Making homemade sweets seems like the height of luxury and difficult techniques, but these are super simple and you end up with some beautiful 100% natural pure fruit pastilles. One batch makes enough for well over 50 jellies, making it easy to have some for our Christmas treats as well as an addition to my homemade hampers. As long as they’re kept in an airtight container they will keep for months.

This recipe is adapted from the fabulous book on preserving by Pam the Jam. I’d thoroughly recommend seeking it out if you enjoy delicious and exciting preserving. I’ve chosen a combination of pomegranate and grenadine as it felt suitably festive and packs a punch of flavour, but you can easily swap any juice you’d like.

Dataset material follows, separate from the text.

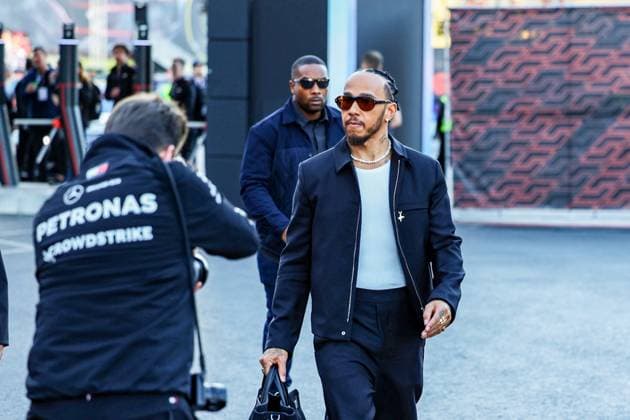 Formula 1 GP Las Vegas USA Thursday, 21 11 2024 Lewis Hamilton 44, Mercedes AMG Petronas F1 Team Formula 1 GP Las Vegas USA Thursday, 21 11 2024 Copyright: xBEAUTIFULxSPORTS Erlhofx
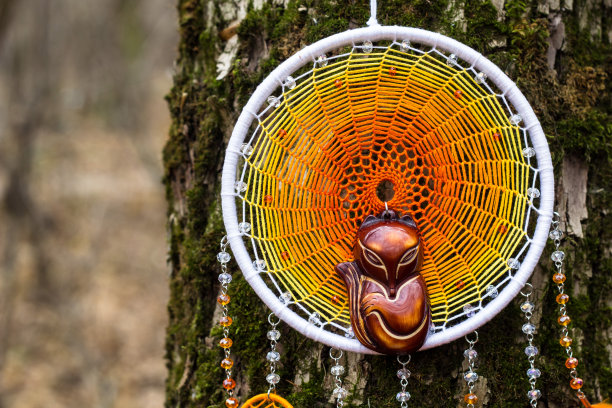 手工捕梦网，用羽毛、线和珠子绳挂图片下载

Pomegranate and Grenadine Pate de Fruits

(dairy-free, egg-free, nut-free, soya-free, sesame-free, gluten-free, vegetarian and vegan)

makes 50-100 jellies

500ml pure pomegranate juice

juice of 1 lime

3 tbsp grenadine

450g granulated sugar

15g pectin

75g glucose syrup

1 tsp flavourless oil

  1. Line a 20cm square baking tin with parchment
  2. Pour the juices and syrup into a deep saucepan.
  3. Stir the pectin powder into half of the sugar. Sprinkle over the juice and stir, heating gently until the sugar has dissolved.
  4. Add the rest of the sugar, the glucose syrup and oil. Let the sugar dissolve. Then bring to a rolling boil.
  5. You want the temperature to reach 108 degrees Centigrade. This will take 10-15 minutes and you will notice the bubbles changing as the mixture heats. Be sure to scrape down the sides whilst the mixture is bubbling.
  6. As soon as it reached 108 degrees Centigrade, take the pan off the heat and pour into the lined tin.
  7. Leave to cool, then cover with baking parchment. Once fully cold and set cut into pretty shapes. Squares or triangles are the most efficient but I like using mini cookie cutters to stamp out little shapes.
  8. Roll each shape in caster sugar and then store in an airtight container until ready to eat.